Он обреченно махнул рукой.

Я заверил Еско.

— Я понимаю вас. Более, чем понимаю.

Молодой человек пожал плечами.

— Мне, в общем-то плевать, понимаете вы меня или нет!.. Когда я учился в последнем классе, отец послал меня в Челябинск. Это был единственный раз, когда он привлек меня к работе. В Челябинске я должен был встретиться с человеком, приметы которого сообщил мне отец, а также осмотреть ведущуюся там стройку. Мы встретились, незнакомец передал мне дешевый портсигар. Приметы агента и описание портсигара я изложил на допросе. Больше никаких заданий такого рода я не выполнял.

Еско сделал последнюю затяжку, затушил папиросу о каблук и возмущенно повторил.

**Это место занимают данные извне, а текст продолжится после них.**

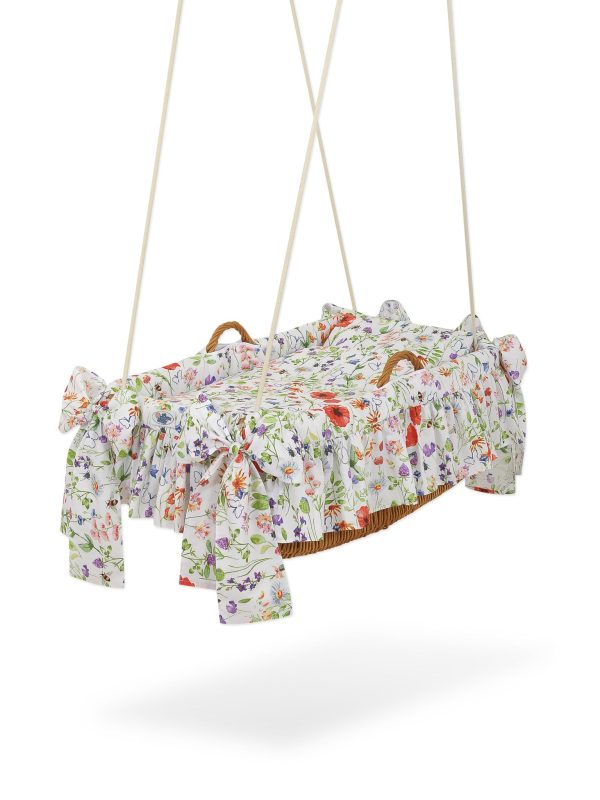 Moses Basket Hanging crib - Meadow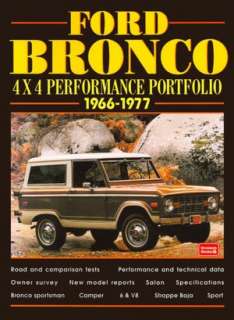 Ford Bronco 4X4 Performance Portfolio, 1966 1977 (Brooklands Road Test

— Жалость!! Надо же! Вы еще вспомните про любовь к ближнему!.. Это все для благородных девиц. Я уверен, по дороге в Челябинск и обратно кто-то исподтишка следил за мной — не заверну ли я по пути в НКВД? Э-э, о чем здесь говорить!..

Он переменил позу, закинул ногу на ногу и объяснил.

— Пафос в другом. Когда я вернулся в Краснозатонск, отец подробно расспросил, как идет строительство машиностроительного завода. Сколько к нему подводят железнодорожных путей, количество корпусов, как много рабочих, о чем они говорят? Когда я спросил, зачем это нужно, он объяснил — на этом заводе будут производить танки, которые рано или поздно обрушатся на нашу родину.

Еско фон Шеель, словно желая, чтобы я предельно серьезно отнесся к его словам, взглянул мне прямо в глаза.

— Мне пришлось сделать выбор.

— Какой же выбор вы сделали? — спросил я.

Он усмехнулся и мысленно послал меня к черту. По-немецки.

Я ответил ему тоже по-немецки. Мысленно.

«Скажите правду».

Он недоверчиво глянул на меня и, не удержавшись, откликнулся: «Какую правду?!» — затем оторопело огляделся, словно отыскивая отверстие в стене, откуда до него долетел немой вопрос.

Я был настойчив. Я был в хорошей форме, и моя внутренняя речь журчала, как прозрачная вода.

«Какой выбор вы сделали? Россия или Германия? Скажите мысленно, на родном языке. Они не могут подслушивать мысли».